If you are in an area impacted by a disaster Facebook will send you a push notification asking if you are OK.
Tapping the “I’m Safe” button marks that your are safe.
All your friends are notified that you are safe.
Friends can also see a list of all the people impacted by the disaster and how they are doing.
Since Facebook only has city-level location for most users, declaring the area isn't as hard as drawing on a map. Facebook usually selects a number of cities, regions, states, or countries that are affected by the crisis.
Facebook always allows people to declare themselves into the crisis (or out) in case the geolocation prediction is inaccurate. This means Facebook can be a bit more selective with the geographic area, since they want a pretty high signal with the notifications. Notification click-through and conversion rates are used as downstream signals on how well a launch went.

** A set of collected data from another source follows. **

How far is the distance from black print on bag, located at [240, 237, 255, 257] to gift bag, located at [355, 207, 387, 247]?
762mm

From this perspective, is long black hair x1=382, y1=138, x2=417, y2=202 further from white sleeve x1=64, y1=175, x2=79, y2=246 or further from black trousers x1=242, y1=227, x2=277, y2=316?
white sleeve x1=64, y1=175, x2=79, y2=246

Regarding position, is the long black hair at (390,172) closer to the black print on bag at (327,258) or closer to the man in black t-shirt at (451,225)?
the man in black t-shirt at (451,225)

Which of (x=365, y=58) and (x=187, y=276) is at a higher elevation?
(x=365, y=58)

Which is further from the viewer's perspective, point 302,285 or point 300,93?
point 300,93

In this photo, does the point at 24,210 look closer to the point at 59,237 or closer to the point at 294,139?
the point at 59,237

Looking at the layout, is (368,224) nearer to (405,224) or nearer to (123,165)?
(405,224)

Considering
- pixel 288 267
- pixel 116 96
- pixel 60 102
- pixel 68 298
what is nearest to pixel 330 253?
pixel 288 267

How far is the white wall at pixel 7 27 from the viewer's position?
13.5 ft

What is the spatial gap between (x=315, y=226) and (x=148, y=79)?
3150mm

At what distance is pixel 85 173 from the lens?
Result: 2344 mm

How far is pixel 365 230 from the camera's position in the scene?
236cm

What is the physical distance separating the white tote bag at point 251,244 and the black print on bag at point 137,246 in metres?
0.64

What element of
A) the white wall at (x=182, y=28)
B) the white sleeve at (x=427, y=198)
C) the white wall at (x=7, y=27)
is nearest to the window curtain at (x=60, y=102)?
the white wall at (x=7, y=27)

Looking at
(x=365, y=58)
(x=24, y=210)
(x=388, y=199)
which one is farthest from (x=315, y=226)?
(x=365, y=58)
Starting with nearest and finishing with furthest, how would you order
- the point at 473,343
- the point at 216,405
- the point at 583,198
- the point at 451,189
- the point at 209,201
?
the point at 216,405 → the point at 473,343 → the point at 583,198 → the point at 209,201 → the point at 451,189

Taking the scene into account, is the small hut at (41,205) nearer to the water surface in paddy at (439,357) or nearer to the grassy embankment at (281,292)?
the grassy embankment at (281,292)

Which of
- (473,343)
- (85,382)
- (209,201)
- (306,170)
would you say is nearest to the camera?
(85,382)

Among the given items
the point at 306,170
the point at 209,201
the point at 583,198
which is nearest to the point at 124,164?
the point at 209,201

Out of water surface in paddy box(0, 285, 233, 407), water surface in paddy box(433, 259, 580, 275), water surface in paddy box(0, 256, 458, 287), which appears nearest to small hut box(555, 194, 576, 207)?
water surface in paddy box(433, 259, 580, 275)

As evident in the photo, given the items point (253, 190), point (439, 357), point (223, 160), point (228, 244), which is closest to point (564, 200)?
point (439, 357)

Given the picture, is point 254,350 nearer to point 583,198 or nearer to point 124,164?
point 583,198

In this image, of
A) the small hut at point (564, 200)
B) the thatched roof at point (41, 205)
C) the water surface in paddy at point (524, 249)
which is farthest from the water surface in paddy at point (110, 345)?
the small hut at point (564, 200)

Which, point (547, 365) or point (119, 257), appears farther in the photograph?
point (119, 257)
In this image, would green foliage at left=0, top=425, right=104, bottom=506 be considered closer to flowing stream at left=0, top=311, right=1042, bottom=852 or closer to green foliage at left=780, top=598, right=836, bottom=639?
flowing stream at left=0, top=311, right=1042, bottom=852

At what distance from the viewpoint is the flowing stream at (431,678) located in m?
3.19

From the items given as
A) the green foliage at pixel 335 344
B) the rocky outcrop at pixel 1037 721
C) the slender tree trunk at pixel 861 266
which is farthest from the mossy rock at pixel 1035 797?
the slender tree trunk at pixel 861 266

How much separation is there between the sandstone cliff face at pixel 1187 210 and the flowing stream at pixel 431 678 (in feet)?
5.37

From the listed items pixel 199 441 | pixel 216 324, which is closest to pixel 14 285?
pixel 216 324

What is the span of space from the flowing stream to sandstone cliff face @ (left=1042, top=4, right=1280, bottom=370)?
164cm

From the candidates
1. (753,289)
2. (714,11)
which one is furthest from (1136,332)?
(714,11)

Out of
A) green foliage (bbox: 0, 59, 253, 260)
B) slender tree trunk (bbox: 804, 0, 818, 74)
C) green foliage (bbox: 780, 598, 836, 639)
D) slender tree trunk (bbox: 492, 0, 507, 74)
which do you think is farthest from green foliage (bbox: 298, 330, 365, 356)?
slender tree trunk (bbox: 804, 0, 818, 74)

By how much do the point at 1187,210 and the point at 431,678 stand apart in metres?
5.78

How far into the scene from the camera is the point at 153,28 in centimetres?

For something like Paris, Facebook selected the whole city and launched. Especially with the media reporting "Paris terror attacks," this seemed like a good fit.
Building a geoindex is the obvious solution, but it has weaknesses.
People are constantly moving so the index will be stale.
A geoindex of 1.5 billion people is huge and would take a lot of resources they didn’t have. Remember, this is a small team without a lot of resources trying to implement a solution.
Instead of keeping a data pipeline that’s rarely used active all of the time, the solution should work only when there is an incident. This requires being able to make a query that is dynamic and instant.
Facebook does not have GPS-level location information for the majority of its user base (only those that turn on the nearby friends feature), so they use the same IP2Geo prediction algorithms that Google and other web companies use -- essentially determining city level location based on IP address.
When there’s a disaster, say an earthquake in Nepal, a hook for Safety Check is turned on in every single news feed load.
When people check their news feed the hook executes. If the person checking their news feed is not in Nepal then nothing happens.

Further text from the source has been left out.